Foreign Joes are cool. There is no denying that. Owning a piece of Joedom that was only part of the childhood of kids in completely different continents with different languages is a great way to grow a collection. But, foreign Joes have some issues. They are not easy to find. They are expensive. And, they are very brittle and prone to breakage. As such, there was a vocal minority who clamored for remakes of foreign Joes so they wouldn't have to spend the effort to get the originals. In general, I'm all for incorporating foreign characters into the American Joe line. However, my feeling is that if you're going to do it, make the new figure a definitive upgrade. Sadly, in the case of the first foreign character to really join the Joe line, this was not case. Instead of thinking of a new take on the classic Cobra Mortal, Master Collector took the coward's way out and produced a figure that was nothing but the vintage Cobra Mortal with swivel arms. A chance to do something truly creative was lost and collectors were left with a figure that is outdated and highly derivative.
The Cobra Mortal as a character would have been a disaster had it been released in the U.S. Collectors would largely ignore a chrome and red Snake Eyes figures had it been produced during the 1983 - 1984 timeline. Because the Mortal was exclusive to Argentina, and extremely rare, though, collectors have warmed to it. As such, the figure gained popularity that the mold, in and of itself, probably doesn't warrant.

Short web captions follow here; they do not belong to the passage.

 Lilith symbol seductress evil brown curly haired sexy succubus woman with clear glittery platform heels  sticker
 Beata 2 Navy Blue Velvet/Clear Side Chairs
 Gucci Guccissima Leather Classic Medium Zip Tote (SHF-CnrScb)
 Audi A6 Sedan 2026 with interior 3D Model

The Cobra Mortal was first released in Argentina is the ultra rare 2nd series of figures. This wave included 6 figures, all of whom were exclusive repaints/characters to the Plastirama line. The wave included Redmack, Glenda, Manleh, Shimik, Topson and the Cobra Mortal. Why Plastirama produced a full wave of exclusive figures and why they were so limited are lost to history. But, they did and the resulting figures are among the rarest in the history of worldwide Joe releases. Few carded samples exist of this series, with some figures not existing MOC at all. So, there was definitely something amiss with the whole wave. The figures, as such, have taken on an aftermarket mystique and most collectors are aware of them, even if they have never seen the figures in person.

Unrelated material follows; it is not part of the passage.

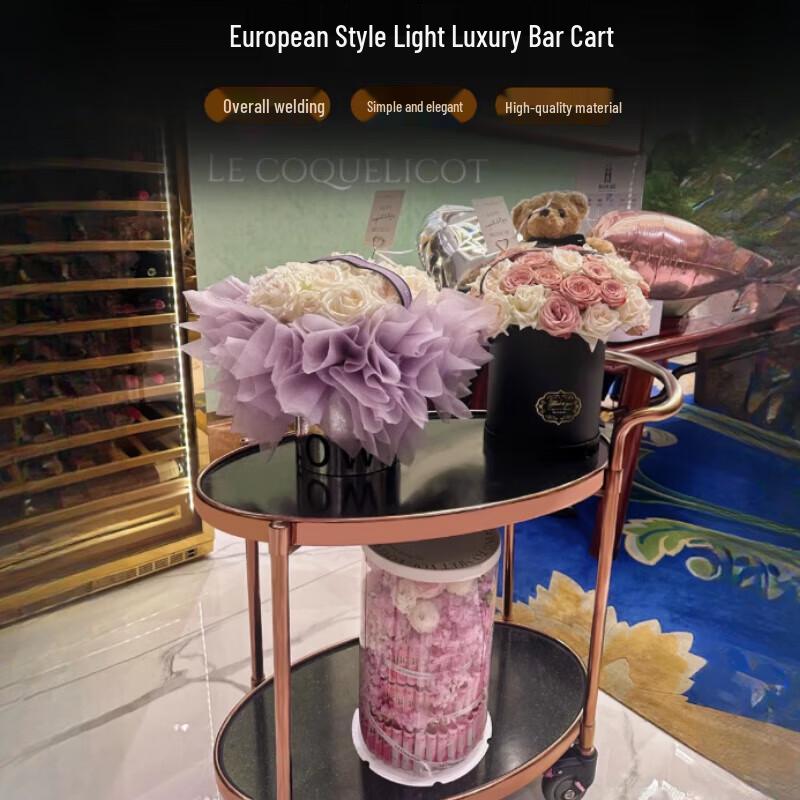 2-Tier Rose Gold Stainless Steel Serving Cart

This figure is a straight repaint of the vintage, swivel arm Snake Eyes with the 1986 Roadblock waist. As a mold, it is not interesting as we've seen it dozens of times. The paint job, though, is interesting. The figure has many, intricate paint details. But, the true value of the figure is the vac metal coating. This shiny addition to the mold makes the figure stand out. It was a nice expense to be offered for the figure. (It also caused the Mortal to be cast in harder plastic as the soft plastic that was common to the era would not hold the plating.) Visually, the Mortal is interesting. But, collecting wise, he still falls flat. Had a later Snake Eyes mold been used, the figure would have been much more exciting. This figure simply feels derivative and stale.
Prior to the 2006 convention, collectors were "pre-selling" Cobra Mortals for $75 each. After the convention, that seemed to be the going price...for a while. In short time, collectors tired of the Mortal and prices fell precipitously. For a few years, it was possible to get a mint and complete Cobra Mortal for under $30. As dealers didn't want to take that kind of hit on an item that they had speculated on at higher prices, the number of Mortals for sale has declined. You can easily find dealers offering the figure for $65-$75 for a figure. But, those rarely sell. Offered to the market, Mortals tend to break $40 these days, but not much more. They are, far and away, the most expensive 2006 convention set figure. But, they aren't worth what many dealers want them to be. As such patience can yield a Mortal for decent prices. But, even at $30-$40, this figure is a stretch. It is cool to have a chrome Cobra who can stand among the 1983/1984 Cobras. But, it's not $40 cool. As an oddity the Mortal is interesting. But, as an essential figure, the Mortal falls quite short.